Empted Empted - 1 year ago 47
C# Question

A ^= B ^= A ^= B; unexpected result in c# visual studio

I always thought that A ^= B ^= A ^= B swaps A <-> B. My guess that this line should be evaluated right to left in 3 steps:

1) A ^= B;
2) B ^= A;
3) A ^= B;

But somehow in C# A becomes 0 if you do it in one line. I've looked into the assembly and found that original A is being stored first and somewhy in the last third step instead of taking the actual current value of A, the code uses cached original value. Assembly looks like this:

mov eax,dword ptr [ebp-40h] //eax <- A
mov dword ptr [ebp-7Ch],eax //C <- A (why cache?)
mov eax,dword ptr [ebp-44h] //eax <- B
xor dword ptr [ebp-40h],eax //A ^= B
mov eax,dword ptr [ebp-40h] //eax <- A
xor dword ptr [ebp-44h],eax //B ^= A
mov eax,dword ptr [ebp-7Ch] //eax <- C (?)
xor eax,dword ptr [ebp-44h] //eax ^= B (= C ^ B)
mov dword ptr [ebp-40h],eax //A = C ^ B (instead of A ^ B)

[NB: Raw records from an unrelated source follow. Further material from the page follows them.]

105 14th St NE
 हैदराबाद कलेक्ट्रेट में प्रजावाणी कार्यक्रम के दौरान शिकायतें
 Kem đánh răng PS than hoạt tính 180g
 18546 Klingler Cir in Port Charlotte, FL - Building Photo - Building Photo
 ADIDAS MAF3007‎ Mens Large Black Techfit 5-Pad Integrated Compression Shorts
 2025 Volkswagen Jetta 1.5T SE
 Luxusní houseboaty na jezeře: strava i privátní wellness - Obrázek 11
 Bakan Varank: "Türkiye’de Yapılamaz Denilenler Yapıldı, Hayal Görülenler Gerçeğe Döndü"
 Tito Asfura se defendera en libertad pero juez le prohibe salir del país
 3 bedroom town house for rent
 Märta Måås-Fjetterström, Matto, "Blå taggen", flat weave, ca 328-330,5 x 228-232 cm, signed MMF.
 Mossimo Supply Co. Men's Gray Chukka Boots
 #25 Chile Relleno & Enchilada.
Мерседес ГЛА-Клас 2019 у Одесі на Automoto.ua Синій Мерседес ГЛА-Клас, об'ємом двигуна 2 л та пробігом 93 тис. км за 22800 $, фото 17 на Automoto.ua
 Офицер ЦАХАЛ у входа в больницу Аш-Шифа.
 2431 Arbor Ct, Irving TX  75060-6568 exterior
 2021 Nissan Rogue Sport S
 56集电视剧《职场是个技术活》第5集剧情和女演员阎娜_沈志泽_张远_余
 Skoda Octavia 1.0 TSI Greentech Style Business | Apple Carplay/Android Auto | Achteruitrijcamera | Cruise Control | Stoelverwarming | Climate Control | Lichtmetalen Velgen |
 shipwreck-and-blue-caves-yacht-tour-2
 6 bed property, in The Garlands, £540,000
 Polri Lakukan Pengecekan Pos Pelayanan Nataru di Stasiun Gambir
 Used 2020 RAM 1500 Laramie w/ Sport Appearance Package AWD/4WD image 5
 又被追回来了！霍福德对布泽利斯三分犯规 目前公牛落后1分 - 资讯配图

It seems ok in C++ and assembly is using only 2 variables:

mov eax,dword ptr [a]
xor eax,dword ptr [b]
mov dword ptr [a],eax
mov ecx,dword ptr [b]
xor ecx,dword ptr [a]
mov dword ptr [b],ecx
mov edx,dword ptr [a]
xor edx,dword ptr [b]
mov dword ptr [a],edx

Am I missing something?

Answer Source

In C++ this would be an undefined behavior because of multiple unsequenced assignments.

In C# this is perfectly valid, and zero is the correct result.

To see why consider that XOR ing any number with itself yields zero, because at each sport in the bit pattern there are equal bits. Moreover, XOR order is not important. That's why B ends up with the old value of A, ans A ends up being zero.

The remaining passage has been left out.